Mechanisation, automation suggested as solution to surviving bleak iron-ore market

4th December 2015

Mechanisation, automation suggested as solution to  surviving bleak iron-ore market

CLOSED DOWN Thabazimbi iron-ore mine had to be closed down in July as a consequence of the tough conditions in the global iron-ore industry

With the outlook for iron-ore quite bearish, “some punters are even talking about the unthinkable” – a price below $40/t, after the commodity’s price dropped below $50/t in October, says machine vision solutions company Stone Three Mining Solutions CEO Louis Marais.

“Things are tough and the reality of this for South African mines is simple – become cost efficient or go out of business.”

An early casualty of this reality is the closure in July of diversified major Anglo American’s subsidiary Kumba Iron Ore’s Thabazimbi mine, in Limpopo, says Marais.

The simplest, but perhaps improbable solution, given the existence of open market policies in South Africa, he notes, is to have some form of price regulation to preserve much-needed jobs.

“However, while this could be applied in South Africa, it certainly would be extremely difficult to apply internationally. Moreover, it would fly in the face of the Competition Commission’s purpose of preventing restrictive business practices and the abuse of dominant positions and mergers to achieve equity and efficiency in the South African economy.”

Stone Three Mining Solutions process engineer and control expert Robbie Brown explains that process optimisation is essential. “This means having the right people in management, having the right plant and equipment in place and a highly efficient, modernised operation.”

Marais says process optimisation essentially means mechanisation and automation.

He adds that ore mining company Assmang’s Khumani iron-ore mine is an example of a mine that has invested con- siderably in technology, giving the operation a significant advantage in a difficult economic environment.

However, the arguments for and against mechanisation and auto- mation puts mine owners at loggerheads with trade unions.

“The positives, given South Africa’s position as a developing nation, are that it will upskill people and increase productivity. On the downside, as the trade unions will argue, is that it will mean job losses,” comments Marais.
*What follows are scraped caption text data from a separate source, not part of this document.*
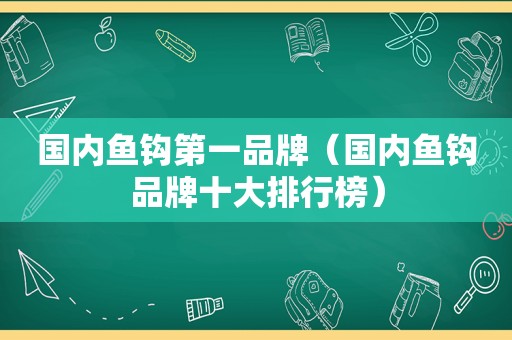 国内鱼钩第一品牌（国内鱼钩品牌十大排行榜）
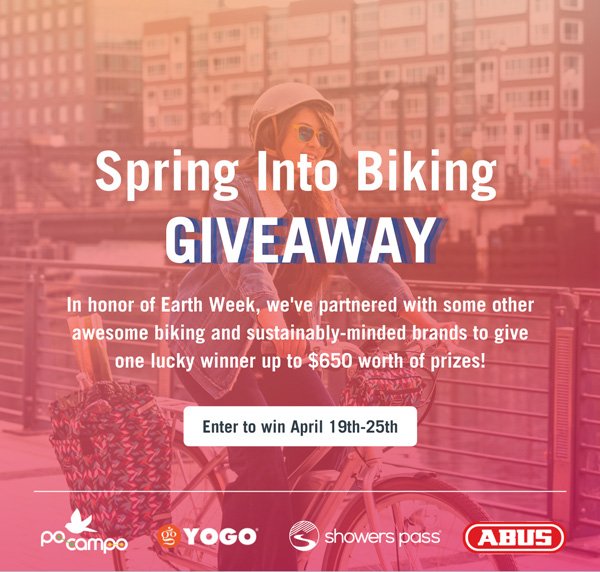 Spring Into Biking GIVEAWAY In honor of Earth Week, we've partnered with some other awesome biking and sustainably-minded brands to give one lucky winner up to $650 worth of prizes! Enter to win April 19th-25th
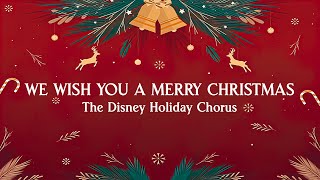 We Wish You a Merry Christmas – The Disney Holiday Chorus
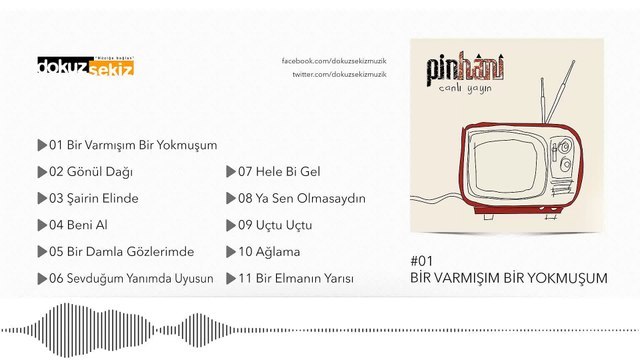 Pinhani - Bir Varmışım Bir Yokmuşum (Official Audio)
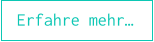 Erfahre mehr…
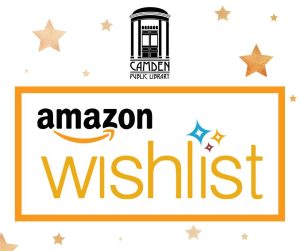 Camden Public Library’s Amazon Wish List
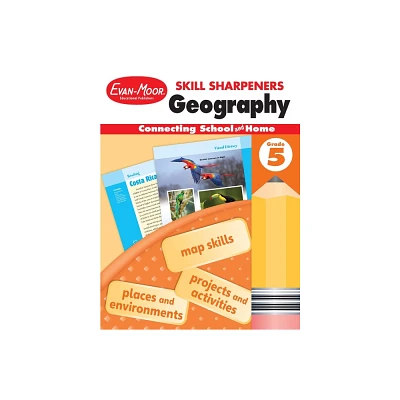 Skill Sharpeners: Geography, Grade 5 Workbook - by Evan-Moor Educational Publishers (Paperback)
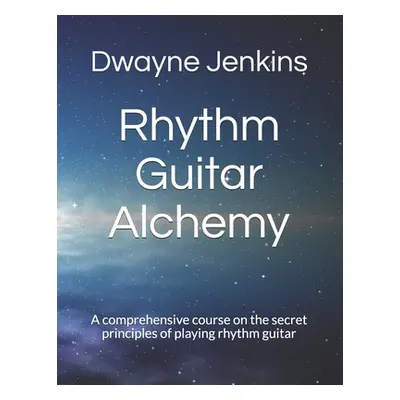 "Rhythm Guitar Alchemy: A comprehensive course on the secret principles of playing rhythm guitar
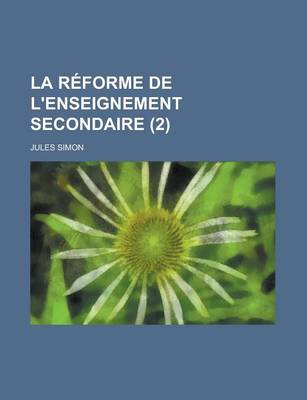 Book cover for La Reforme de L'Enseignement Secondaire (2)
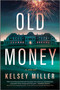 Old Money (A Novel) by Kelsey Miller, 9781335000378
He adds that, even so, upskilling workers will not be a simple process as operating high-technology equipment and systems requires an integrated skill set, and moving people into information and communications technology requires the necessary vision from management, effective planning and political will.

“Nonetheless, if South African iron-ore mines are to survive on the international market, they will have to mechanise and automate. This is the harsh reality.”

Brown adds that metallurgists need to understand their mineral extraction processes by measuring influential variables – smart technology can empower them to conduct this discovery process, which enables the improvement of operational efficiency.

However, putting in place the right integrated solution for a given mine requires a combination of skill sets, knowledge and experience, highlights Marais.

“Technology and consulting companies in the mining industry have a critical role to play in working closely with their clients to find workable, long-term solutions necessary for the survival of iron-ore mines in today’s hugely challenging market,” he concludes.